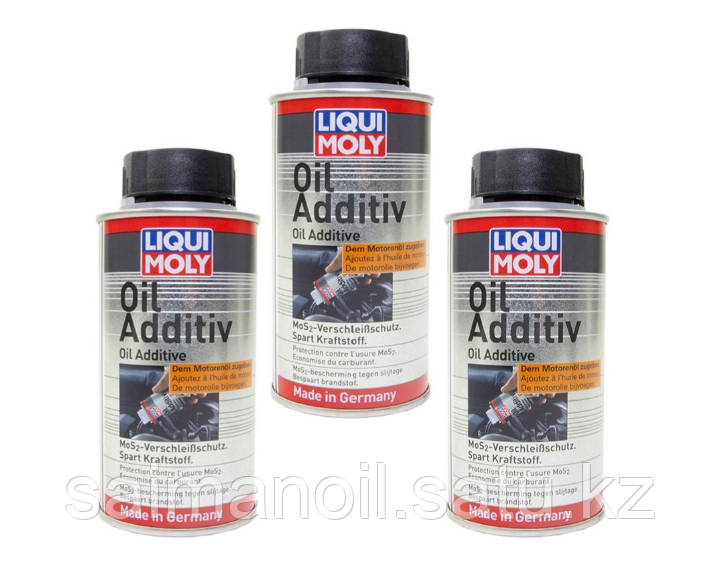 LIQUI MOLY Антифрикционная присадка с дисульфидом молибдена в моторное маcло Oil Additiv 1011 125 мл - фото 3 - id-p107368243
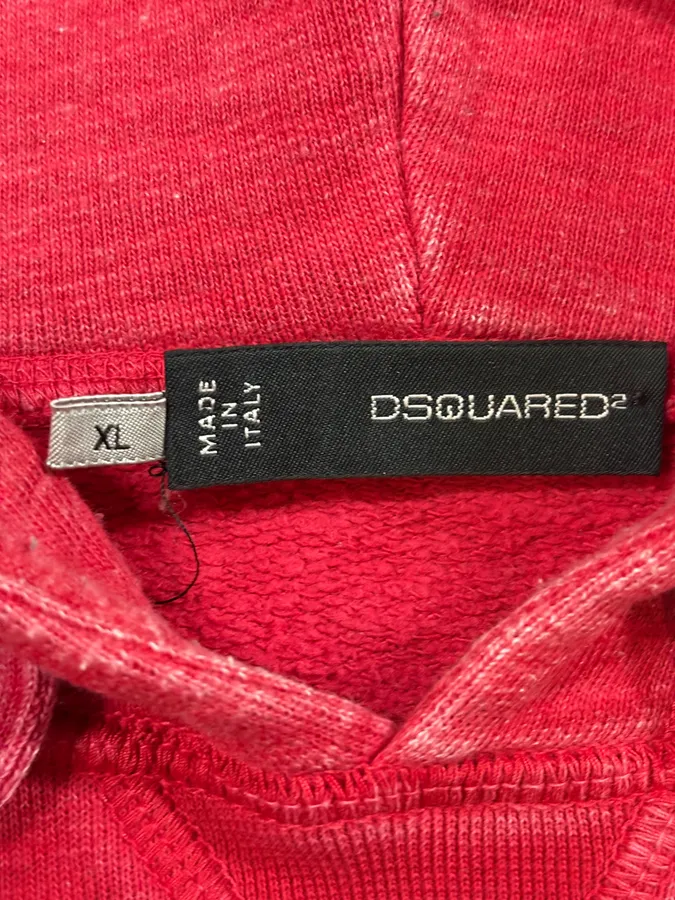 AW2011 Dsquared2 Canadian Style Red Hoodie - Image 8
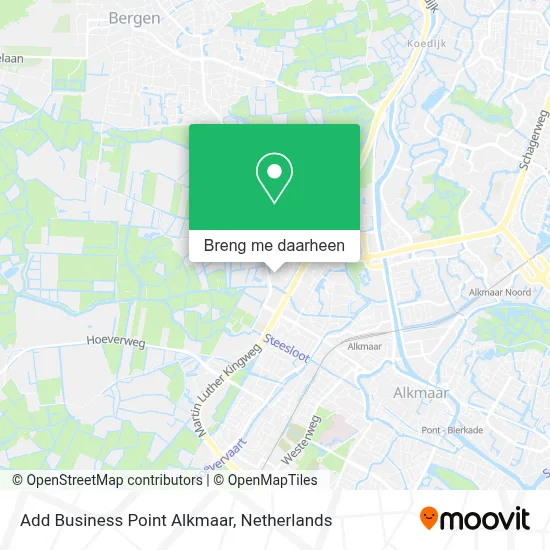 Add Business Point Alkmaar kaart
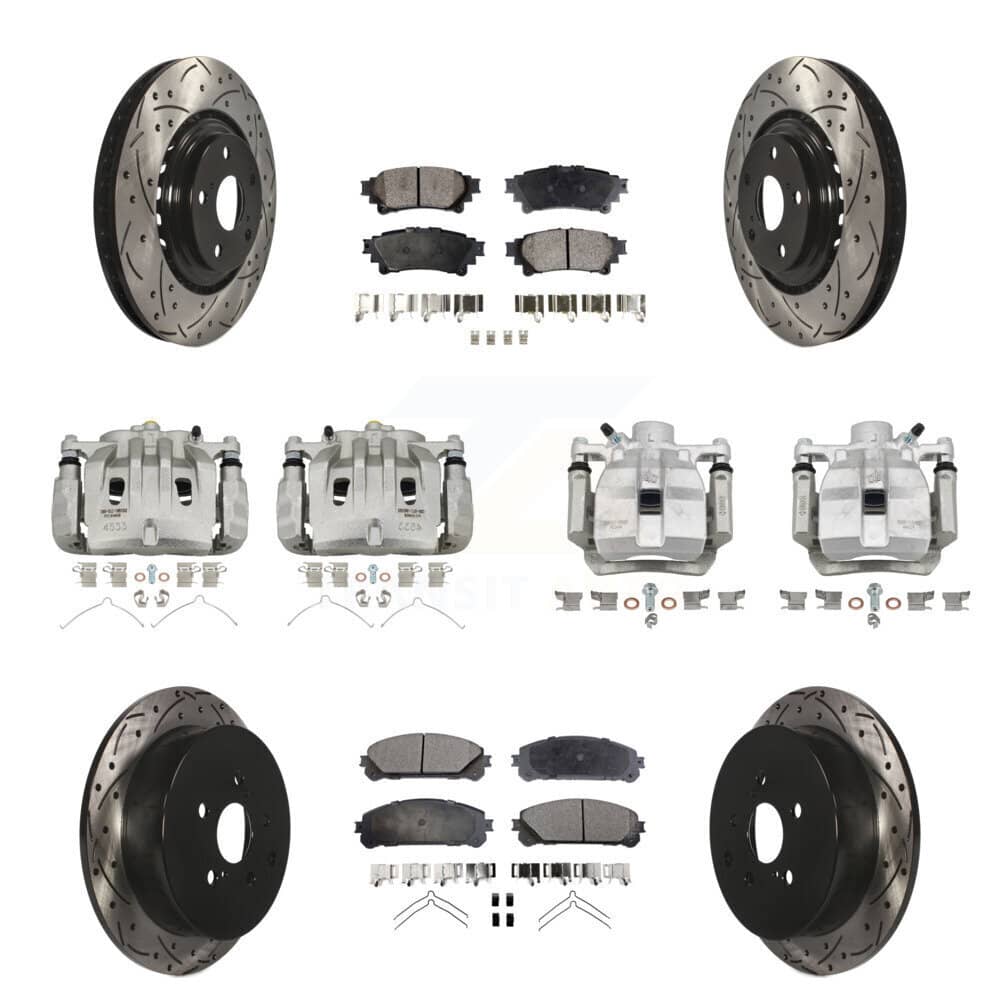 Transit Auto - KCD-100411T - Front and Rear Disc Brake Kits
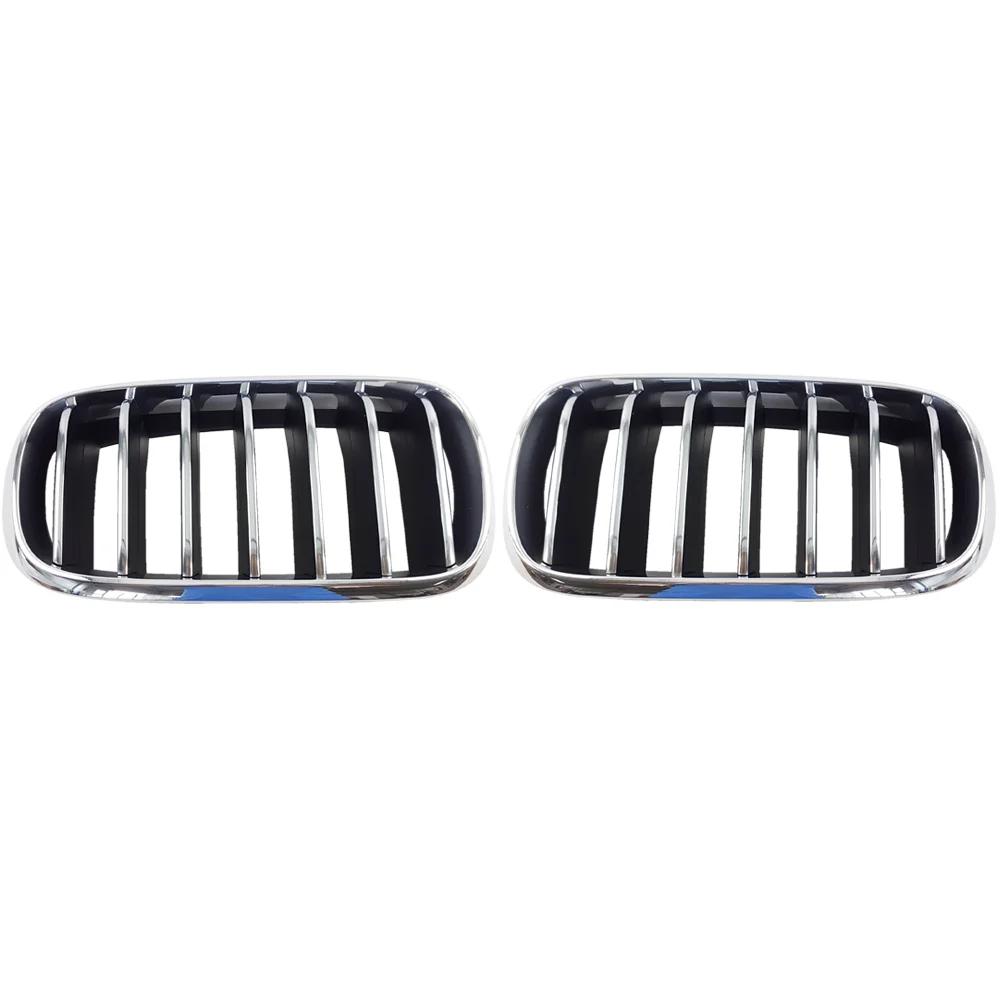 

51137316061 51137316062 For BMW Front Middle Net Radiator Grille Decorative Strip Chrome F15 X5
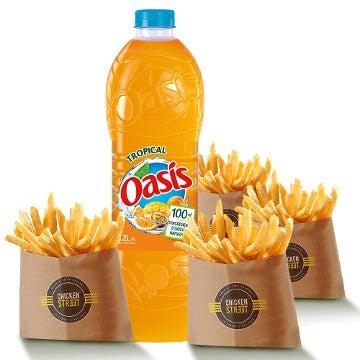 4 Frites + Oasis tropical 2l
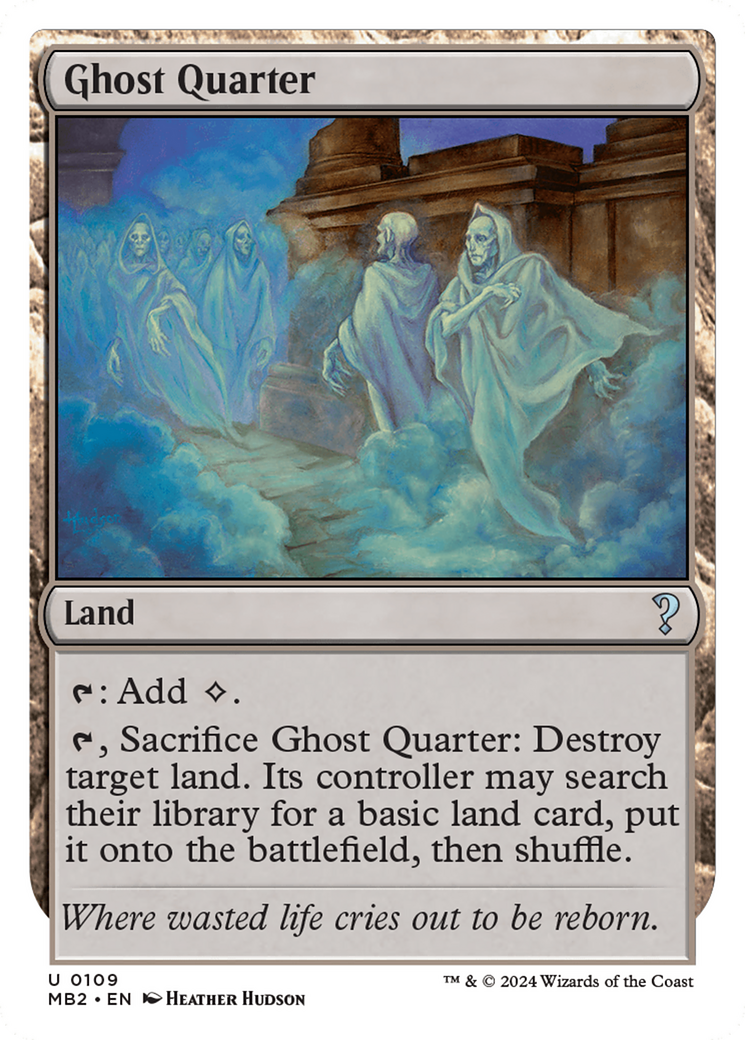 Image of Ghost Quarter (White Border) [Mystery Booster 2]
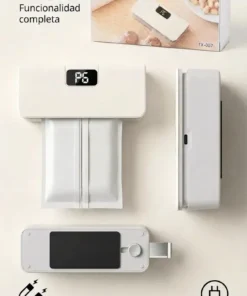 Mini Selladora Bolsa Portatil Recargable con Iman 747 - Imagen 7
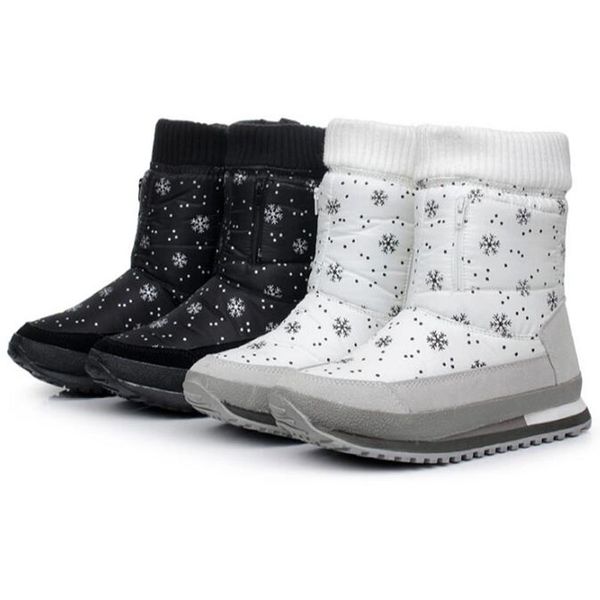 

women winter boots new design rubber duck waterproof snow boots jogging women shoes multicolor s4786, Black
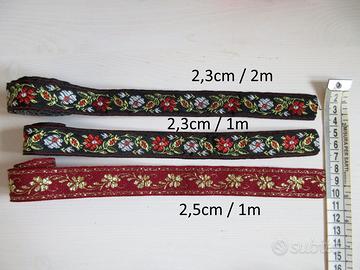 Nastri 4 metri. Jacquard.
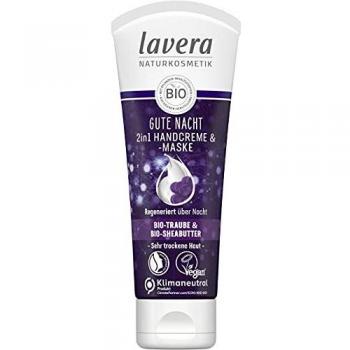 Lavera Good Night Crema y Mascarilla Manos 2 in 1, 75 ml
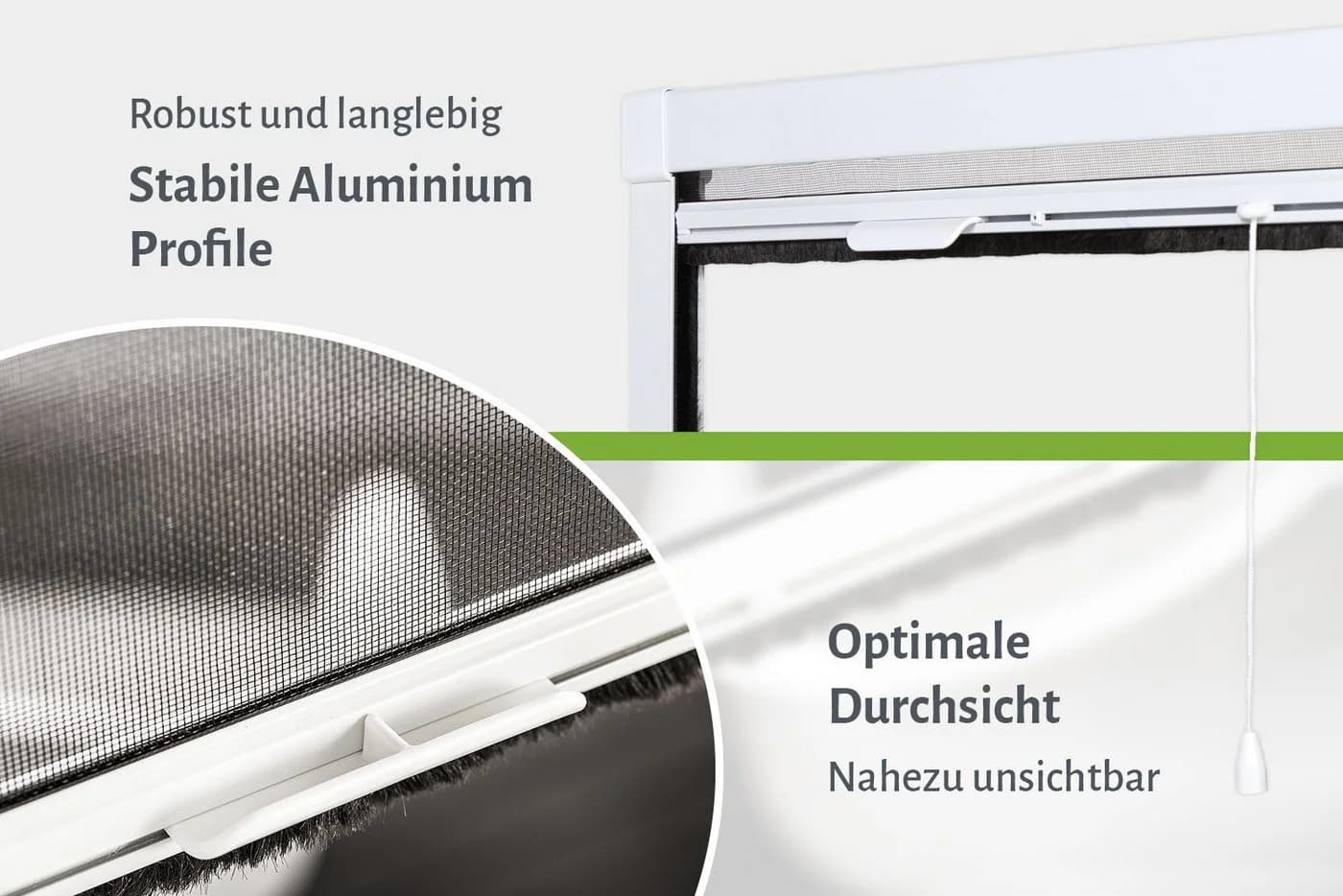 empasa Insektenschutzrollo SMART Alurahmen Selbstbausatz braun - Bild 4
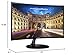 SAMSUNG 24 Inch Curved Computer Monitor, LC24F390FHNXZA LED Screen 60Hz Full HD 1080P Gaming Slim Design for Home and Office use, Black Mouse Pad Included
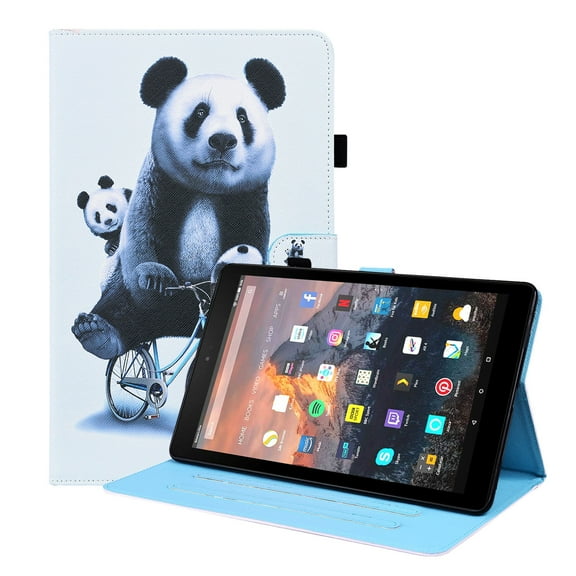 For Amazon Kindle Fire 7 Animal Pattern Horizontal Flip Leather Case with Holder & Card Slots & &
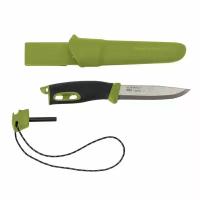 Morakniv Нож Morakniv Companion Spark, нержавеющая сталь (Зеленый)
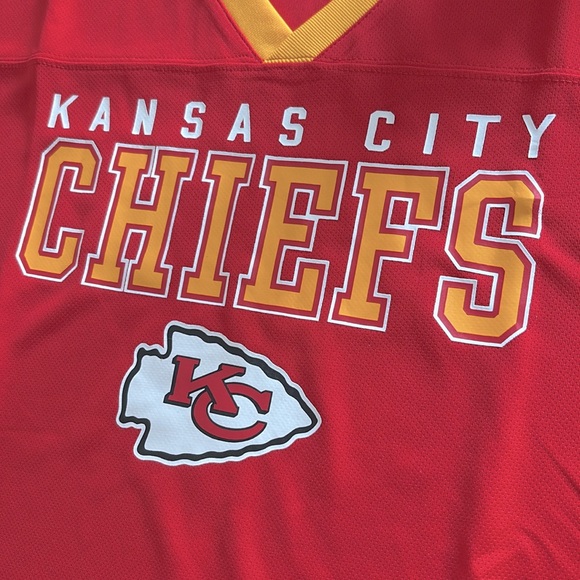 Lot of 2x NWT [Nike] & [NFL] Kansas City Chiefs NFL Jersey & Shirt Youth L 14/16 - Picture 12 of 13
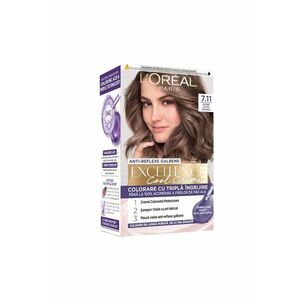 Vopsea de par permanenta cu amoniac Excellence Cool Creme . - 7.11 imagine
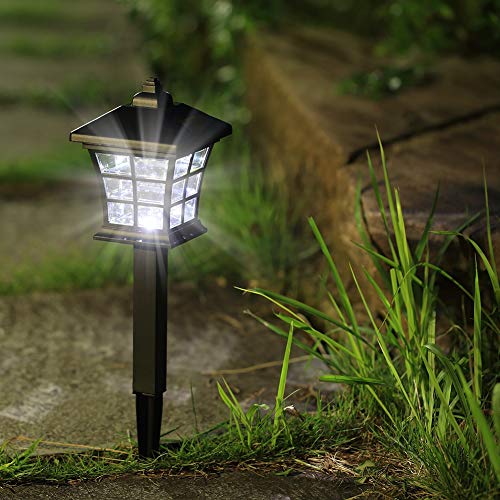 Twinkle Star 6 Pack Solar Pathway Lights Outdoor Solar Garden Lights Solar Powered Landscape Lighting for Yard Patio, Garden, Walkway - Twinkle Star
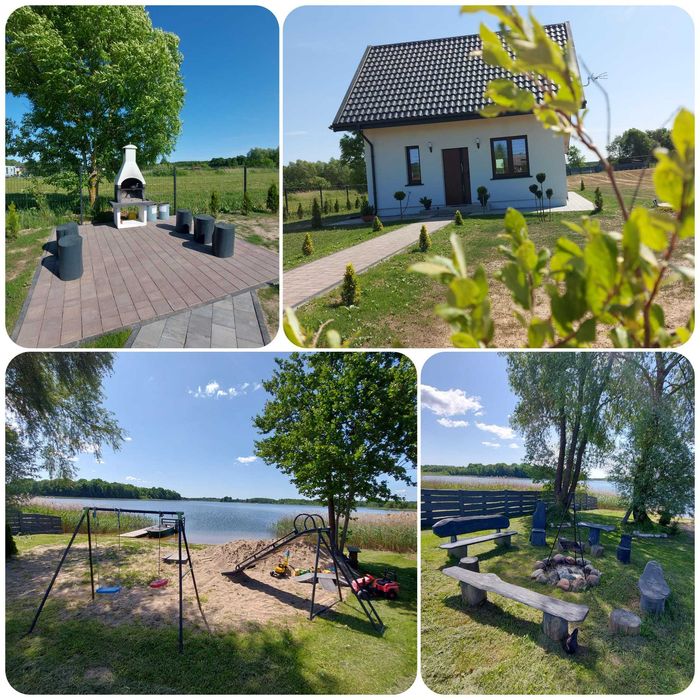 Domek Mazury Sauna Jezioro Prywatna Plaża Altana Grill Rowerek Łódka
::::::::
* _Required action_:
Using the records above, return word for word the lines that begin at the one containing "women winter boots" and end at the one containing "Morakniv Нож Morakniv", both of them included and no pictures.

* _Answer to this task_:
women winter boots new design rubber duck waterproof snow boots jogging women shoes multicolor s4786, Black
 Nastri 4 metri. Jacquard.
 Lavera Good Night Crema y Mascarilla Manos 2 in 1, 75 ml
 empasa Insektenschutzrollo SMART Alurahmen Selbstbausatz braun - Bild 4
 SAMSUNG 24 Inch Curved Computer Monitor, LC24F390FHNXZA LED Screen 60Hz Full HD 1080P Gaming Slim Design for Home and Office use, Black Mouse Pad Included
 For Amazon Kindle Fire 7 Animal Pattern Horizontal Flip Leather Case with Holder & Card Slots & &
 Morakniv Нож Morakniv Companion Spark, нержавеющая сталь (Зеленый)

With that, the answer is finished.